I was thinking today on what ultimately started this blog–the virgin journey and my first play.
I have been struggling to get to work on a new script. I have some good dialogue, interesting characters, but that’s about it.
Of course I would struggle with scripts. More so than any other format, a character has to really want something. Why would anyone dare want something?
This ties into the warped version of existentialism mentioned in my last post. If one focuses on what they want, personal growth is an unavoidable consequence. Haven views awareness as the goal, and what you want as stupid and irrelevant. I say the opposite. There is yet to be a well known and successful (unironic) story where the protagonist wants awareness and personal growth.
It also places people like me who have had hard lives in a position of automatic inferiority. Furthermore, it explains why people who attend Haven briefly then move on with their lives are successful, while those who stick around get stuck (from my observation.)
This topic started because I asked someone if it really is as easy as presented in Good Will Hunting.
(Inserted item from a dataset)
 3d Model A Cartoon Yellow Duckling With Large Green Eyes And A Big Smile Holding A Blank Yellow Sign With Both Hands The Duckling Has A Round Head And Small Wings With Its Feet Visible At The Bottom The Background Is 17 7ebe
Overcoming attachment issues.
The truth is, I didn’t need to ask.
I don’t want to write a story with a protagonist driving off into the sunset as the credits play.
But what if I do?
How would a story where a protagonist strives for awareness end?
It wouldn’t end. They call that a virtue.
Wanting nothing is not a virtue, nor is navel-gazing, nor is insulting. Wanting to be successful is not an ego thing. Wanting to get out of the gutter doesn’t mean I want to be special, it means I want to be human. They clearly don’t want to get off their thrones.
Courage is in wanting something. Perhaps I have failed because I started with the virgin journey and somehow got sidetracked into hero territory–to defeat the enemy.
This enemy cannot be defeated.
The point of existentialism is that there is no meaning in the world, and we have to create our own meaning. Not in playing some sort of master game, sitting on a throne and mocking all those people who were brave enough to want something in life.